The Guardian OpenPlatform DataStore – Just a Toy, or a Trusted Resource?

When the Guardian launched their OpenPlatform DataStore, a collection of public data, curated by Guardian folk, hosted on Google Spreadsheets, it raised the question as to whether this initiative would influence the attitude of the Office of National Statistics, and in particular the way they publish their results (e.g. Guardian Data Store: threat to ONS or its saviour?).

In the three sexy skills of data geeks, Michael Driscoll reinterprets Google’s Chief Economist’s prediction that “the sexy job in the next ten years will be statisticians… The ability to take data—to be able to understand it, to process it, to extract value from it, to visualize it, to communicate it” with his belief that “the folks to whom Hal Varian i.e. [Google’s Chief Economist] is referring are not statisticians in the narrow sense, but rather people who possess skills in three key, yet independent areas: statistics [studying], data munging [suffering] and data visualization [storytelling]”

I’ve already suggested that what I’d quite like to see is plug’n’play public data that’s easy for people to play with in a variety of ways, and publishing it via Google Spreadsheets certainly lowers quite a few barriers to entry from a technical perspective which can make life easier for statisticians and the visualisers, and reduce the need for the data mungers, the poor folks who go through “the painful process of cleaning, parsing, and proofing one’s data before it’s suitable for analysis. Real world data is messy” as well as providing access to data where it is difficult to access: “related to munging but certainly far less painful is the ability to retrieve, slice, and dice well-structured data from persistent data stores”.

But if you don’t take care of the data you’re publishing, the even though there are friendly APIs to the data it doesn’t necessarily follow that the data will be useful.

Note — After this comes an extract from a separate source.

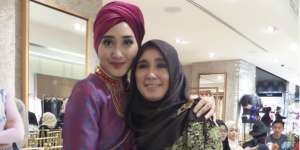 Ini Awal Kolaborasi Dian Pelangi dan Ibundanya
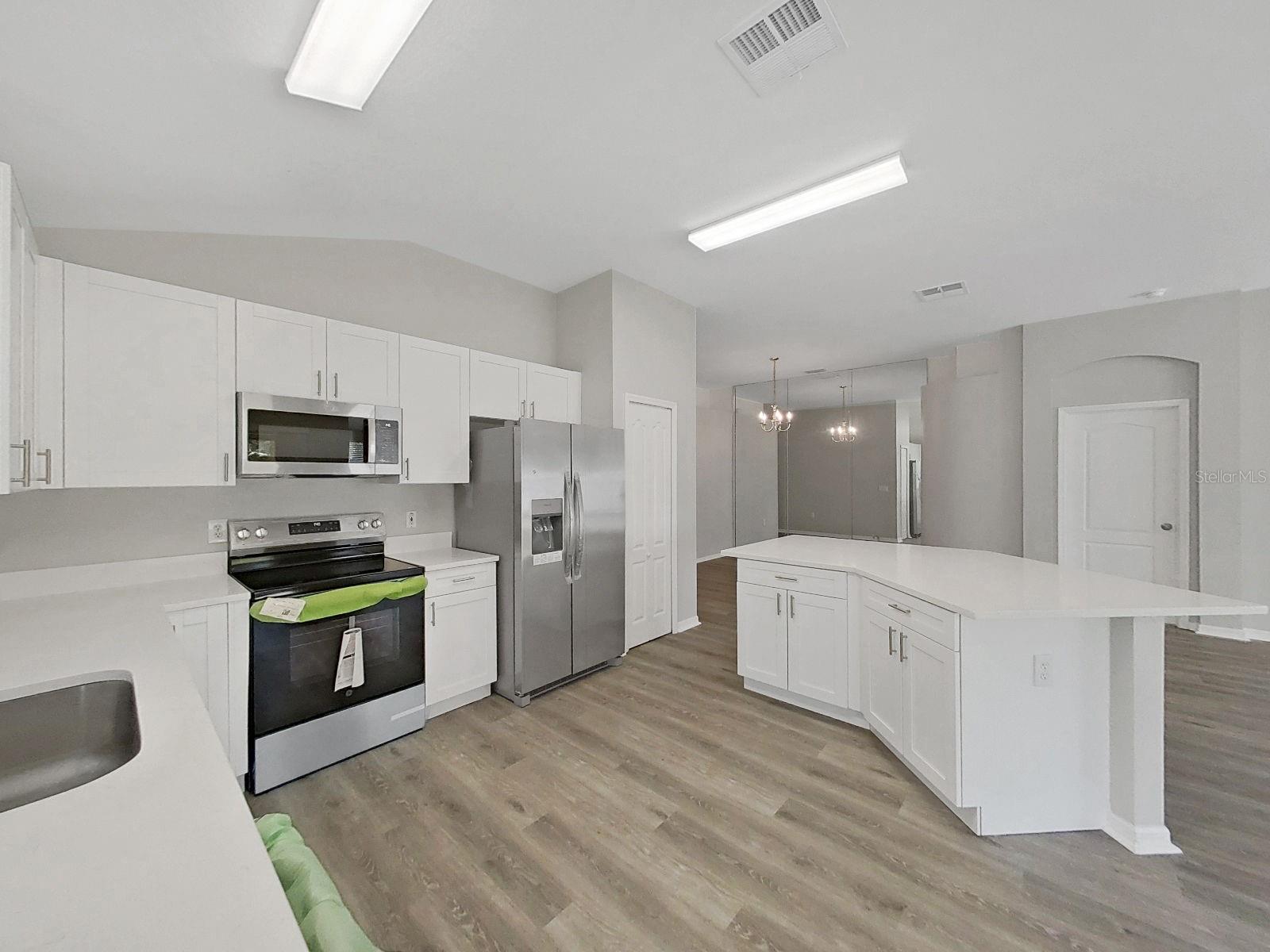 brand new remodeled kitchen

As Steph Gray says in Cui bono? The problem with opening up data:

Here’s my thought: open data needs a new breed of data gardeners – not necessarily civil servants, but people who know data, what it means and how to use it, and have a role like the editors of Wikipedia or the mods of a busy forum in keeping it clean and useful for the rest of us. … Support them with some data groundsmen with heavy-lifting tools and technical skills to organise, format, publish and protect large datasets.

So with all that in mind, is the Guardian DataStore adding value to the data in the data store in an accessibility sense by reducing the need for data mungers to have to process the data so that it can be used in a plug’n’play way by the statisticians and the data visualisers, whether they’re professionals, amateurs or good old Jo Public?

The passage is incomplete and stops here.